I have a differential equation $\dfrac {dy} {dx} = \dfrac {2x} {3y}$ whose solutions are $y = \pm \sqrt {\dfrac 2 3}x $ which when I back-substitute I get $LHS=RHS$.
From the definition on wikipedia here
A linear differential equation is called homogeneous if the following condition is satisfied: If $\phi(x)$ is a solution, so is $c \phi(x)$, where c is an arbitrary (non-zero) constant
So taking the above definition $y = 5 \sqrt {\dfrac 2 3}x $ should work too. But if I backsubstitute this in original differential equation, I get $LHS = 5 \sqrt {\dfrac 2 3}$ and $RHS = \dfrac 1 5 \sqrt {\dfrac 2 3}$ which are not equal.
So is this still a homogeneous linear equation by definition? Am I making a mistake somewhere? Please help me understand why there are two types of homogeneity defined here. What does it mean to be homogeneous?
Note that the solution should come out as $$\frac {3y^2}2=x^2+C$$or $$y^2=\frac {2x^2}3+D$$
(where $D =\frac {2C}3$ is a constant) whence $$y=\pm\sqrt{\left(\frac {2x^2}3+D\right)}$$
The constant of integration "gets in the way" here - it is added under the square root, rather than being a factor. You have ignored the constant of integration in your answer, which has misled you as to the nature of the solution.

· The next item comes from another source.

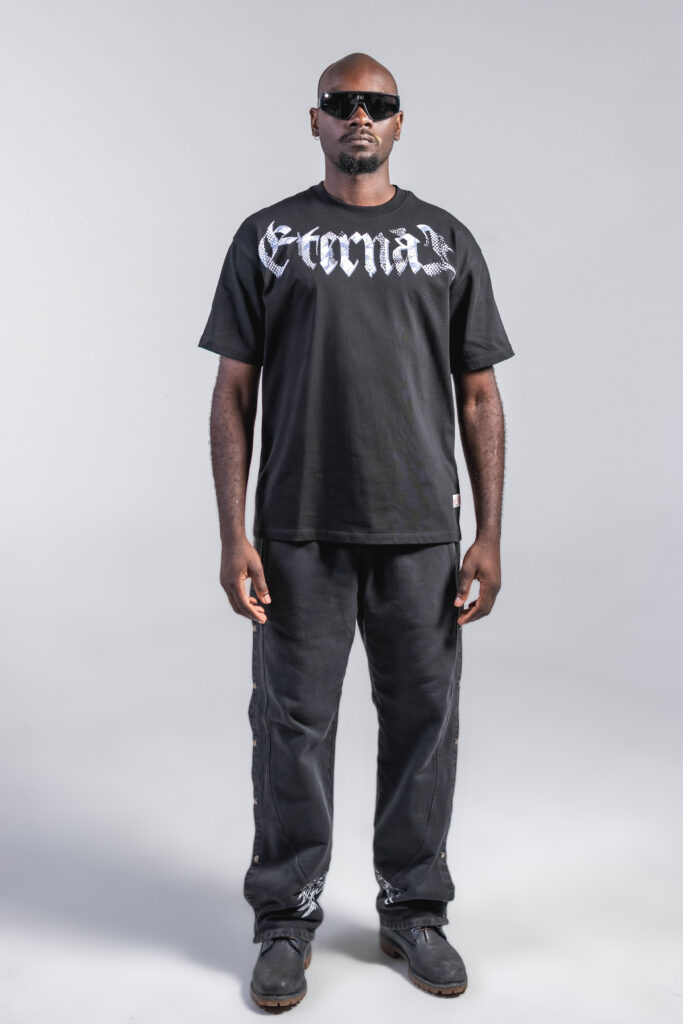 Camiseta negra de corte relajado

If you had $ \dfrac {dy} {dx} =\dfrac {2y} {3x} $ that would be homogeneous. You'd get $y^3=Dx^2$ where the constant of integration comes out as a factor - so an arbitrary multiple will automatically work. So you can tell from the solution that the original equation is homogeneous. In your case clearing fractions gives you a term in $ y\dfrac {dy} {dx} $ which cannot be part of the form that your linked article says a homogeneous equation must have.